DATA.
★ ★ ★ ★

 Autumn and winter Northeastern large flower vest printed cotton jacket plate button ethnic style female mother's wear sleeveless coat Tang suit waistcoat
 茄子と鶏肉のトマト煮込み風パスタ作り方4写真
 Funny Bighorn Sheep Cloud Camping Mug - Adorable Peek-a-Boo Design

★ ★ ★ ★

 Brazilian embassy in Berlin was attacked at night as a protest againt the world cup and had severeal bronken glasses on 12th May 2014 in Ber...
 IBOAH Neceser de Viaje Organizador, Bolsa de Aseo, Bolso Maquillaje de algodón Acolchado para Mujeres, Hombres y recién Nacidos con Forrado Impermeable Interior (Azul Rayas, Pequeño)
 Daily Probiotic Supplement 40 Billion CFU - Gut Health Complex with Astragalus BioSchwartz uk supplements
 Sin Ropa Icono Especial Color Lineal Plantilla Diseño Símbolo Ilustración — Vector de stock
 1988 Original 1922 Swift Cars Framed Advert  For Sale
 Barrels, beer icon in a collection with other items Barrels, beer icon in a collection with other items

★ ★ ★ ★

WHAT YOU NEED TO DO. Wherever a line of the data holds "with", copy that line.

OUTPUT OF THE EXERCISE.
 Daily Probiotic Supplement 40 Billion CFU - Gut Health Complex with Astragalus BioSchwartz uk supplements
 Barrels, beer icon in a collection with other items Barrels, beer icon in a collection with other items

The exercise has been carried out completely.